# Your favourite 20th century melody



## schuberkovich (Apr 7, 2013)

What's your favourite melody written in the 20th century? The great thing about the 20th century is that because the musical language became so diverse there was a lot of potential for very different types of beautiful melody.

I'm going to go with the main theme of the second movement of Barber's violin concerto:





So much Ravel, but I'll say the main theme of the first movement of his piano trio (and the second theme):





And finally the main theme of the first movement of Mahler's 9th:





:angel:


----------



## Guest (May 15, 2014)

I get a little confused with melodic terminology in the 20th century. 20th century music seems to give less attention to recurring melodies in general (like those "big" melodies from, say, Tchaikovsky's or Mendelssohn's violin concertos), and more attention to constant transformation. So, with that in mind, I'll just list a few melodic moments:

- Perhaps more of a motif, but the simple, recurring brass section in Messiaen's Turangalila-Symphonie. When it returns towards the end of the introduction under that other, more dissonant brass line, I sometimes get goosebumps.

- Both the first and second movements of Shostakovich's famous 8th quartet, though some of these moments are equally dependent on harmony.

- The slow movement of Ravel's piano trio.

- The melodic stuff in the prelude to Gurrelieder is simply divine.

- The Larghetto of Poulenc's concerto for two pianos. Perhaps a crucial factor in my love of Poulenc.

- Normally, Hovhaness feels pretty superficial to me, but the material towards the end of the first movement of the Mysterious Mountain...well that's pretty nice stuff, if you ask me.


----------



## Mahlerian (Nov 27, 2012)

arcaneholocaust said:


> I get a little confused with melodic terminology in the 20th century. 20th century music seems to give less attention to recurring melodies in general (like those "big" melodies from, say, Tchaikovsky's or Mendelssohn's violin concertos), and more attention to constant transformation.


True. Even with Mahler's Ninth, listed above, the main theme isn't really a complete, closed off melody.
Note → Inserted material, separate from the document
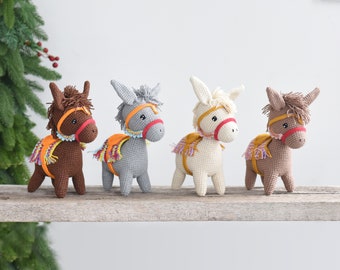 Donkey Amigurumi Gift - Finished Donkey Crochet Stuffed Animals - Farm Animals Crochet Collection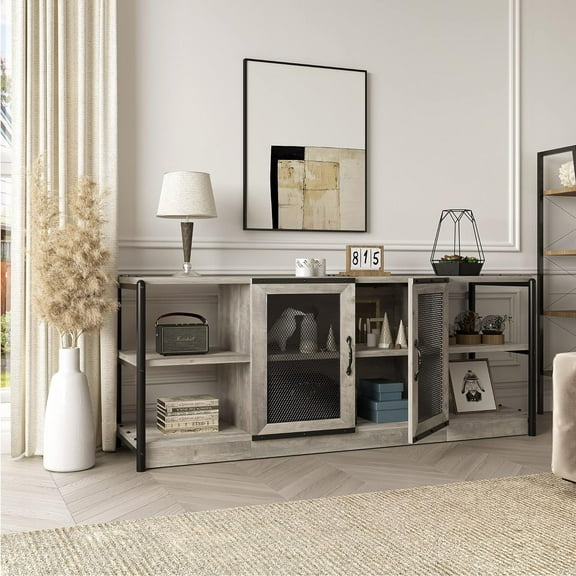 Industrial TV Stand for 65+ Inch TV, Farmhouse Media Console Cabinet with Storage and Mesh Door, Rustic Grey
It's lyrical, to be sure, and that makes it _melodic_, even if it itself isn't a "melody" per se.


----------



## Guest (May 15, 2014)

And of course, Rachmaninoff and Gliere were a couple of great melodists, but let's be honest - a lot of their music could've been written in the 19th century


----------



## dgee (Sep 26, 2013)

Aside from late romanticism and neoclassicism, chocka with melody, Prokofiev 5th symphony and Romeo and Juliet, Shostakovich 9 (the only Shos I really enjoy), Bartok 3 PC and Concerto for Orchestra, loads of Britten and Janacek have great long melodies that are recognisable, memorable and sing-alongable for even the most casual listener


----------



## Aramis (Mar 1, 2009)

How about this sensual aria from Szymanowski's _Roger_:


----------



## aleazk (Sep 30, 2011)

Webern - _Concerto For Nine Instruments_






I love the sarcastic motifs in that piece and their subtle timbral and rhythmical transformations. The piece is very cohesive in terms of motivic development because of the particular row used by Webern (which contains internal symmetries).


----------



## Alypius (Jan 23, 2013)

I couldn't begin to name just one. There are simply so many.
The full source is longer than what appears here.